Now, Washington surely bowed.  It was still a custom in his time.  But, it is an imagined bow that energizes me today.  In the stage production of Hamilton, George Washington executes the most exquisite bow, which for me validates the custom for the first time…and for all time.  The show is wrapping up, and Alexander Hamilton’s widow, Eliza is lamenting the passing of her brilliant husband.  She says that he would have accomplished so much more had he lived.  She states that he could have done more to end slavery had he lived.

The character of George Washington…essentially Washington’s ghost at this time in the production, is proudly standing behind Eliza as she tells Hamilton’s story.  She mentions that she and her sister Angelica raised money and told Washington’s story in order to get the Washington Monument built.  And as she switches to her lament about Hamilton, the character of Washington is surprised, and then humbled by the mention of not doing enough to end slavery.  Washington is suddenly shocked, and then saddened, and bows a sudden, humble acknowledgement of his moral failing.  I have never seen a bow like it.

And that got me to thinking.  You see, I am embarrassed to say that I had never considered what if the United States had abolished slavery when it became a country in 1776.  I have always known that slavery existed in the colonies, and then it was reconciled in the Constitution, 3/5’s, “land of the free…”, and all of that.  We all know how that went down.  It never really crossed my mind to consider what if “WE” had taken the extraordinarily brave step to forgo the status and profit of a slave economy, and make a principled stand on “freedom”, as we had…you know, kind of said that we did.  

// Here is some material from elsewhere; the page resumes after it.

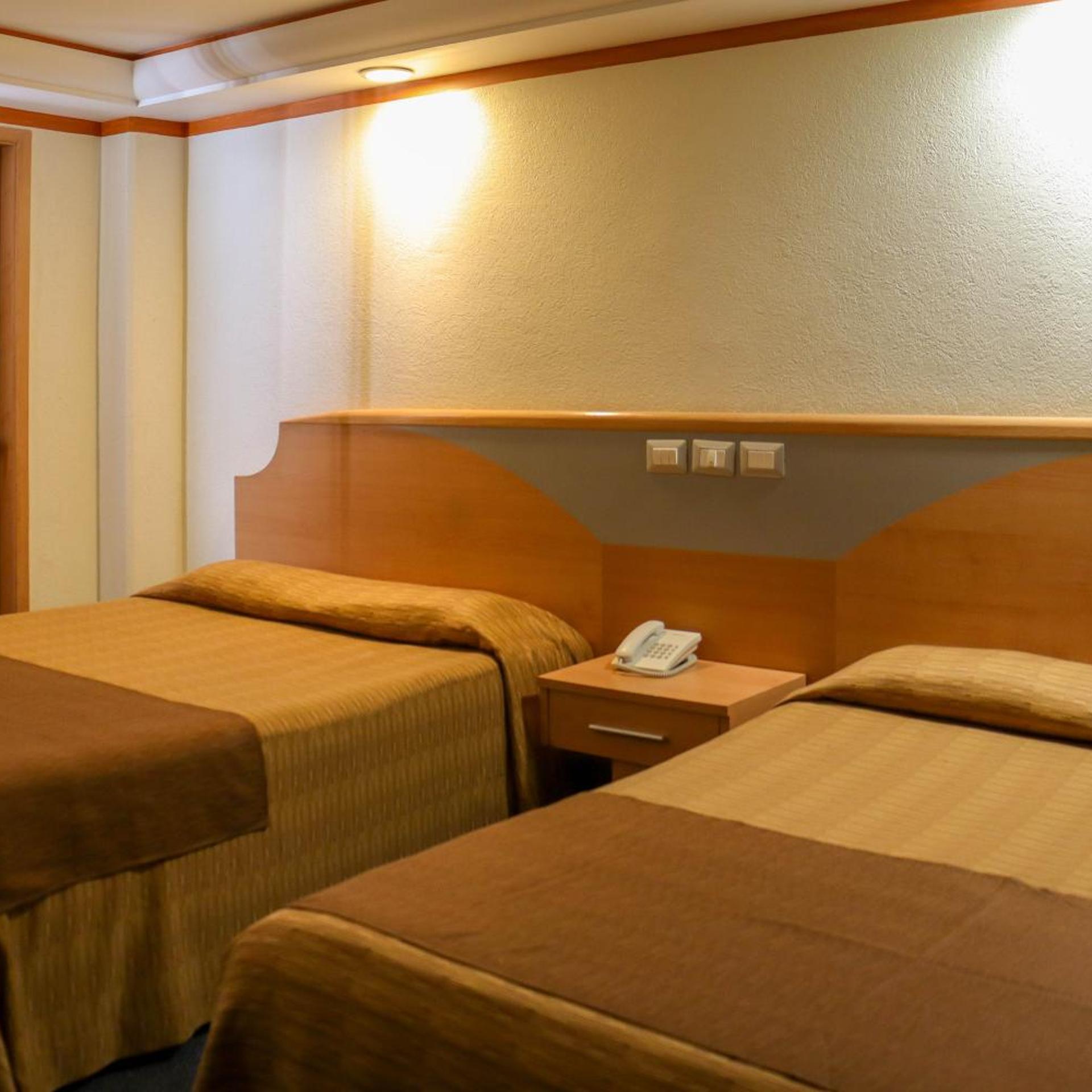 غرفة بسريرين مزدوجين، Hotel Milan 4/4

I’m mildly embarrassed to say that whenever I watch Washington bow like he does, it brings tears to my eyes.  I feel his humiliation.  For shame, George Washington.  For shame, America.  At the same time, I well up with optimism.  This could be a beginning.  We may be in the process of abolishing slavery in the United States now…in 2020.  We are in the process of a radical tyrant-ectomy.  Much of his support rests on racism, and a barely visible, fully operational caste system which makes some suburban white people, mainly men, to object to a flag, or a demonstration stating “Black Lives Matter.”  “The past is not dead…”. To many, the suggestion that “Black Lives Matter” is offensive.  You know, a lawyer said to me yesterday that BLM was started by Marxists.  A lawyer told me this.  I told him, you know, Marx was a lawyer.  

I feel Washington’s shame, but we don’t have to fail this time.  “It is not even past.”  We can defeat slavery now.  I still well up with tears when I see Washington’s bow.  I also well up with Eliza’s hope and optimism.  These happen simultaneously when I see the greatest bow I have ever seen.